La conseillère Julie Dufour entend déposer une résolution omnibus demandant l’intervention du vérificateur général.

Administration Tremblay: Julie Dufour réclame une enquête du V.G.

Les dirigeants des différentes organisations paramunicipales embauchés sous l’administration Tremblay, incluant ceux de Promotion Saguenay, doivent s’attendre à recevoir la visite du vérificateur général (V.G.) dans les prochaines semaines.

La conseillère municipale Julie Dufour, qui n’avait pas de mot pour qualifier l’affaire du contrat de Ghislain Harvey, planche sur une résolution omnibus qu’elle entend présenter à la toute première assemblée publique du nouveau conseil municipal.

« J’ai informé le cabinet de la mairesse que j’allais présenter une résolution. Je tiens à préciser que ce n’est pas un pied de nez à Mme Néron que je fais. Au contraire, c’est complémentaire à ce qu’elle fait en ce moment. Nous avons des outils et le vérificateur général pour lequel je me suis tant battue fait partie des outils et nous allons l’utiliser », affirme la conseillère.
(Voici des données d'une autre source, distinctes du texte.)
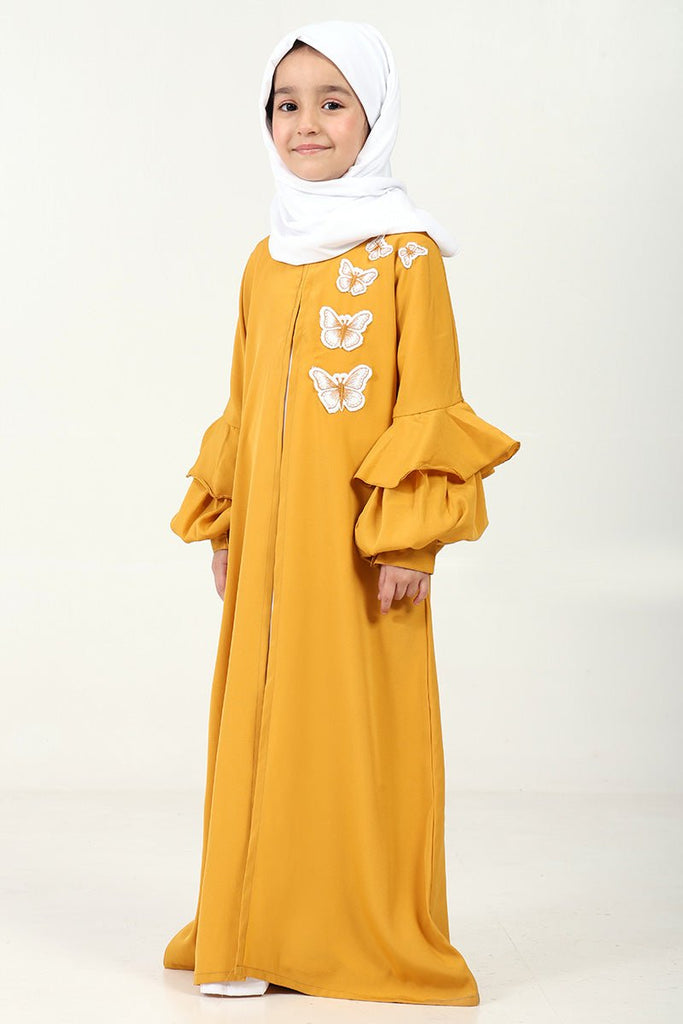 Elegant Double - Layered Crepe Abaya with Embroidery & Contrast Inner Lining - Mustered - EastEssence.com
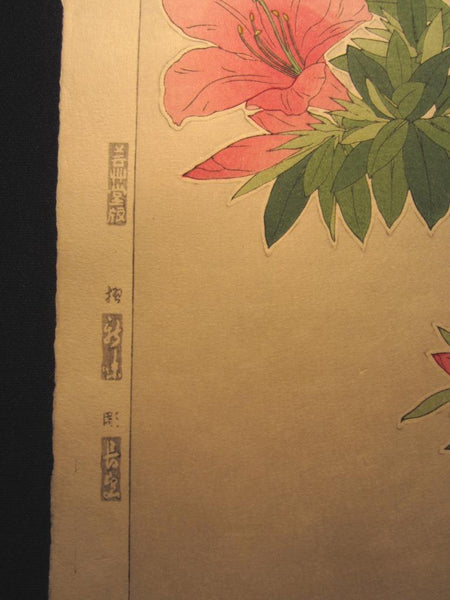 A Great Japanese Woodblock Print Kawarazaki Unsodo WATERMARK Flower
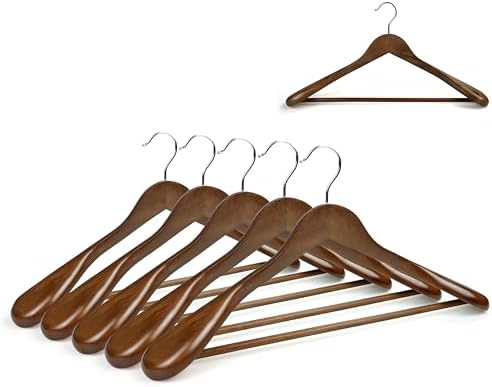 Luxury Wide Shoulder Wooden Suit Hangers with Pants Bar, Classic Solid Wood Jacket Clothes Hangers Smooth Finish for Sweater Dress Pants Sport Coats (Dark Brown, 6 Pack)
Cette dernière croit que « ce que l’on a pu comprendre du fonctionnement de Promotion Saguenay est possiblement symptomatique de toute l’administration Tremblay ». Dans un tel contexte, elle juge que le meilleur moyen de le vérifier est de faire un diagnostic de la situation et des méthodes qui prévalent dans ces organismes afin d’y remédier.

« Si le vérificateur général découvre des choses qui ne sont pas de son mandat, il avisera qui de droit et les choses suivront leur cours. Nous sommes maintenant dans la transparence. Il y a eu des élections et partout au Québec les citoyens ont passé un message clair. Ils veulent de la transparence dans la gouvernance », ajoute la conseillère.
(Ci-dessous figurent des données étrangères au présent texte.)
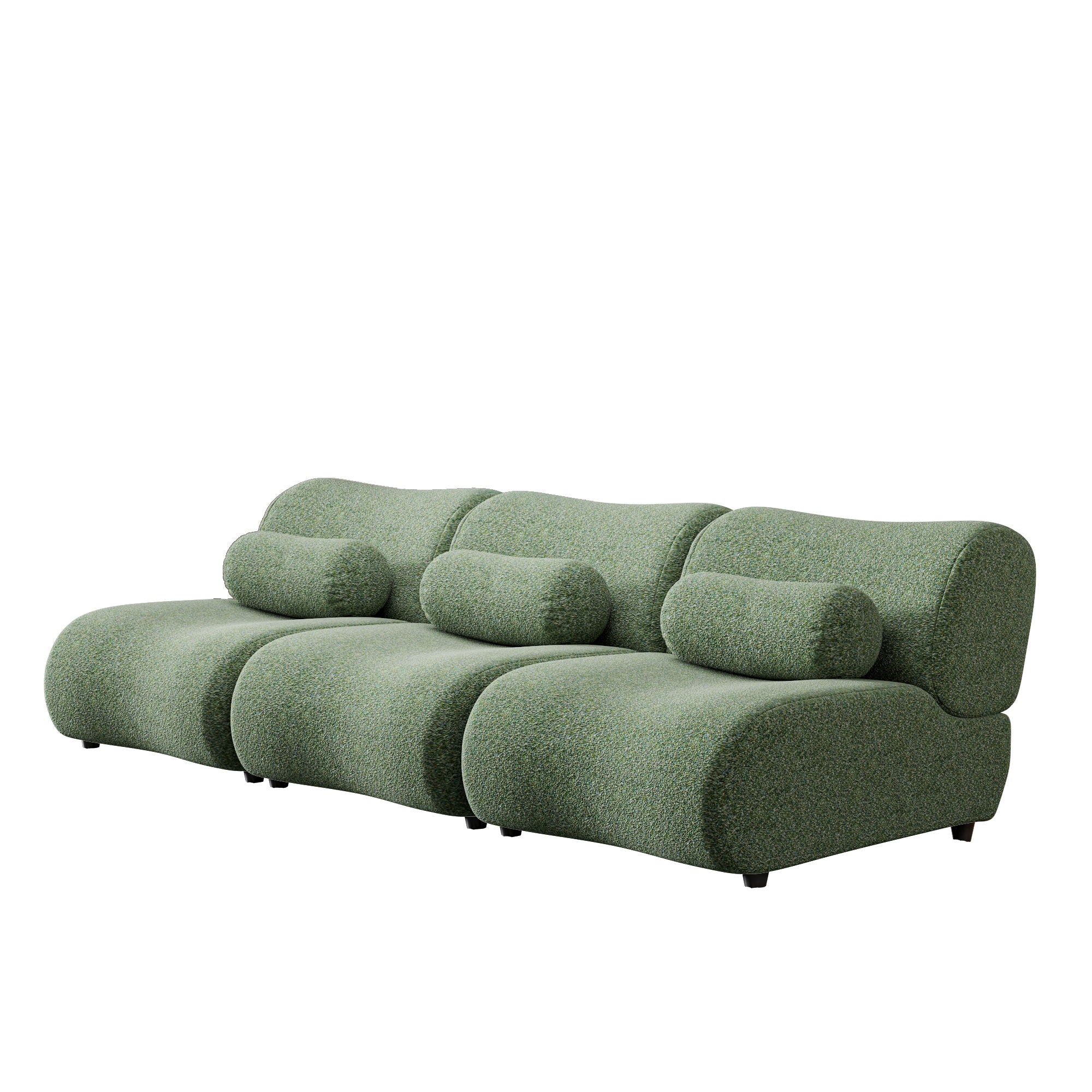 Contemporary Modular 3 Seat Sectional With Deep Seating, Soft Backrest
Julie Dufour a vu défiler des centaines de commentaires sur les réseaux sociaux en plus des citoyens qui l’arrêtent dans la rue pour lui témoigner de leur dégoût de l’affaire du contrat de Ghislain Harvey. Elle entend bien tout mettre en oeuvre pour qu’on ait le portrait d’ensemble de ces façons de faire qui ont choqué les citoyens.
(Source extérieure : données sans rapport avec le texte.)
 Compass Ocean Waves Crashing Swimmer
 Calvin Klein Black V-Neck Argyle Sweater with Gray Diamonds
« Il faut que la résolution soit bien rédigée sur le plan légal. Je vais utiliser mon budget de recherche pour retenir les services de l’avocat qui m’a aidée dans le dossier du vérificateur général et nous allons présenter la résolution et la discuter entre élus à la table du conseil puisque nous avons aujourd’hui la possibilité de le faire. »

Savard n’impressionne pas

Tout comme le député Alexandre Cloutier (voir encadré en page 4), la conseillère Dufour n’a pas été impressionnée par le comportement du préfet de la MRC du Fjord-du-Saguenay, Gérald Savard, qui a signé le contrat de Ghislain Harvey sans le lire.

« Si M. Savard comprend bien ce qui se passe, il va avoir la décence de démissionner de son poste. Il a voté pour 1,4 M $ d’argent des contribuables de Saguenay en se fiant uniquement sur les conseils de Jean Tremblay. Jean Tremblay s’en est vanté, il était l’ami de Ghislain Harvey et Gérald Savard se fiait sur l’avis de Jean Tremblay qui recommandait d’adopter un contrat pour son ami comme il l’a souvent répété. C’est lui qui le disait ouvertement. »

La conseillère aimerait bien avoir l’opinion de la Commission municipale du Québec sur le comportement du préfet qui agit à Promotion Saguenay à titre d’élu municipal et qui a l’obligation de respecter un code d’éthique. Ce code, rappelle la conseillère, impose aux élus de se comporter avec prudence lorsqu’ils gèrent les biens publics et elle n’a pas l’impression que Gérald Savard a fait preuve de prudence.

Pour le moment, Julie Dufour trouve anormal que Jean Tremblay soit aussi muet sur le contrat de Ghislain Harvey. Lui qui, selon ce qu’elle rappelle, « se faisait une spécialité de contacter les médias pour donner son avis sur tout quand il dirigeait la ville ».

Au sein du conseil, il y aurait des conseillers qui, tout en appuyant sans réserve Josée Néron, aimeraient obtenir l’heure juste sur la gestion de Promotion Saguenay, et ce, depuis les premières années. L’un d’eux a confié au Progrès que le dévoilement du contrat de Ghislain Harvey était loin de répondre à toutes les questions qui se posent en coulisse.